╭──

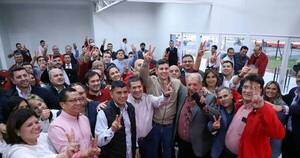 La Nación / Comando Central de Honor Colorado presentó sus respectivas candidaturas para la interna de la ANR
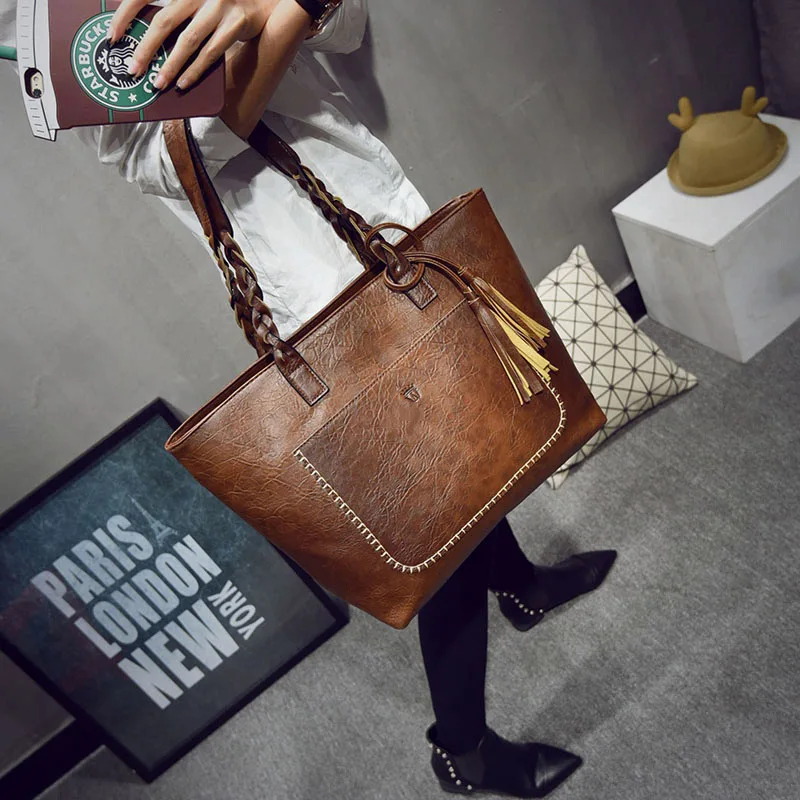  2019 Large Capacity Women Bags Shoulder Tote Bags bolsos New Women Messenger Bags With Tassel Famou - 32796150236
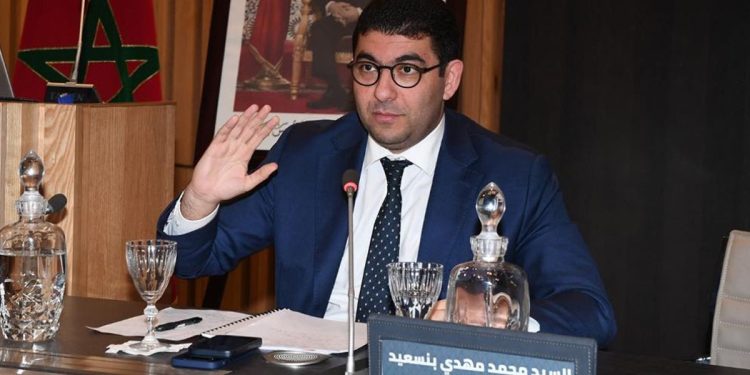 بنسعيد ينفي اتهامات خطيرة ويعلن اللجوء إلى القضاء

╰──

> **PROBLEM STATEMENT**:
Return all the data exactly, pictures omitted.

> **PROBLEM SOLUTION**:
 La Nación / Comando Central de Honor Colorado presentó sus respectivas candidaturas para la interna de la ANR
  2019 Large Capacity Women Bags Shoulder Tote Bags bolsos New Women Messenger Bags With Tassel Famou - 32796150236
 بنسعيد ينفي اتهامات خطيرة ويعلن اللجوء إلى القضاء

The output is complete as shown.